Exercise instructions> Please copy all of the entries exactly, but drop every picture.
********************
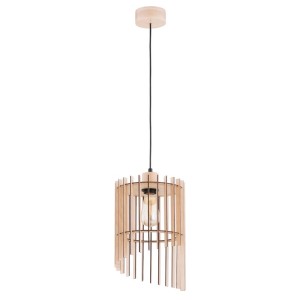 LAMPA WISZĄCA ALFA SOLANA DREWNIANA 1xE27 / 61367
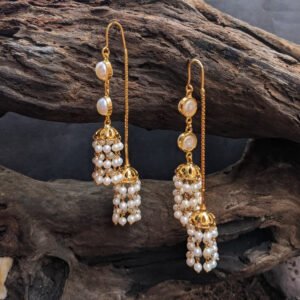 Gold Earring Design : पार्टी वियर के लिए बेस्ट रहेंगे ये खूबसूरत सुई-धागा ईयररिंग, देखें डिज़ाइन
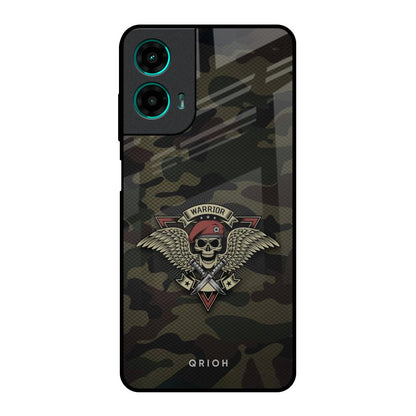 Army Warrior Motorola G35 5G Glass Back Cover Online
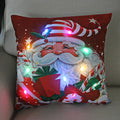 Axyaa LED Christmas Light Pillowcase 45cm - Super Soft Polyester Home Decor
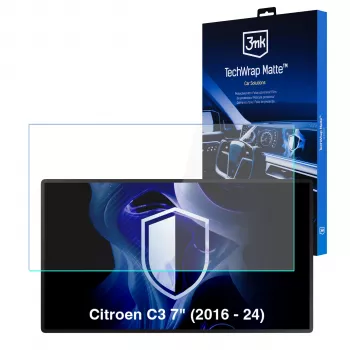 3MK PROTECTION Citroen C3 (2016-2024) TechWrap matta näytönsuojakalvo keskusnäytölle
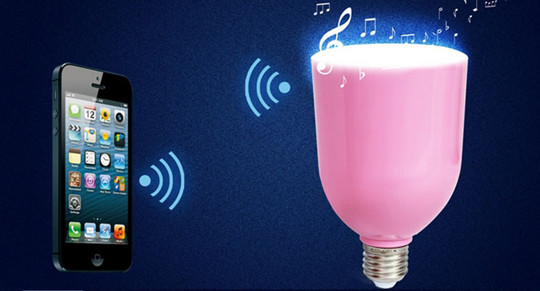 led lamp bluetooth speaker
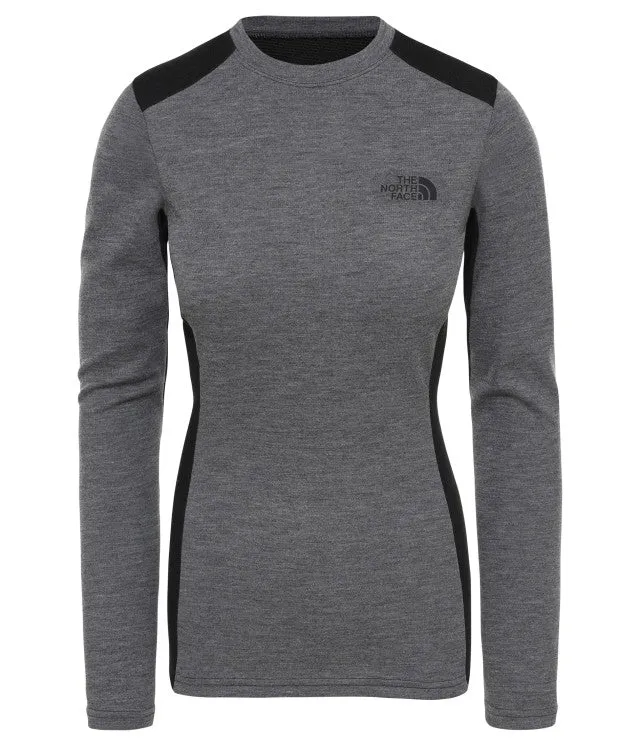 The North Face Women Skiing Nf0A4Cb6-Gvd-1 W Easy L/S Crew Neck mdgyhr/bk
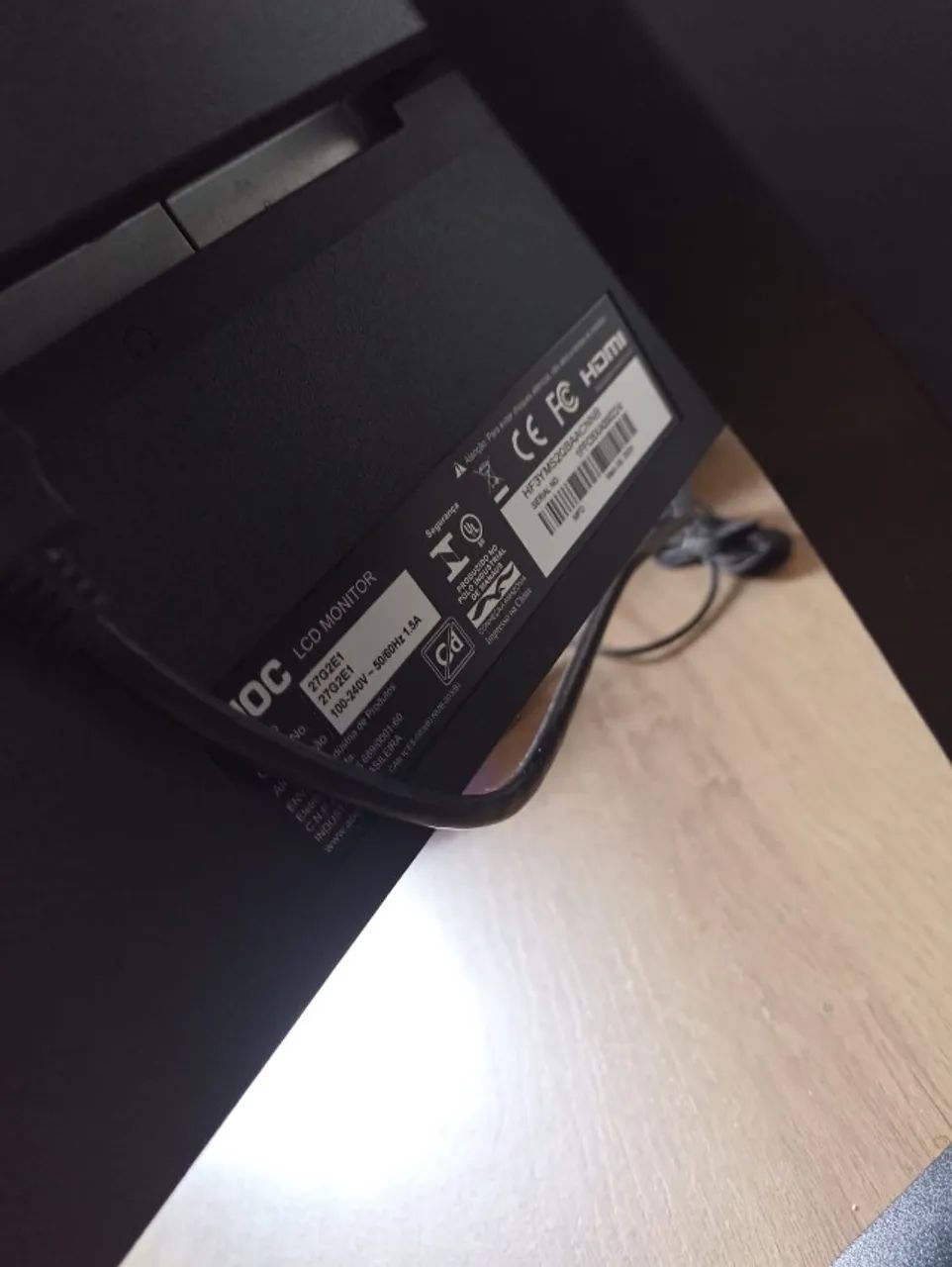 Monitor Gamer AOC 27G2E1 27" IPS 100Hz 1ms - com cabos - Uberlândia - Foto 5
********************
Task response>
 LAMPA WISZĄCA ALFA SOLANA DREWNIANA 1xE27 / 61367
 Gold Earring Design : पार्टी वियर के लिए बेस्ट रहेंगे ये खूबसूरत सुई-धागा ईयररिंग, देखें डिज़ाइन
 Army Warrior Motorola G35 5G Glass Back Cover Online
 Axyaa LED Christmas Light Pillowcase 45cm - Super Soft Polyester Home Decor
 3MK PROTECTION Citroen C3 (2016-2024) TechWrap matta näytönsuojakalvo keskusnäytölle
 led lamp bluetooth speaker
 The North Face Women Skiing Nf0A4Cb6-Gvd-1 W Easy L/S Crew Neck mdgyhr/bk
 Monitor Gamer AOC 27G2E1 27" IPS 100Hz 1ms - com cabos - Uberlândia - Foto 5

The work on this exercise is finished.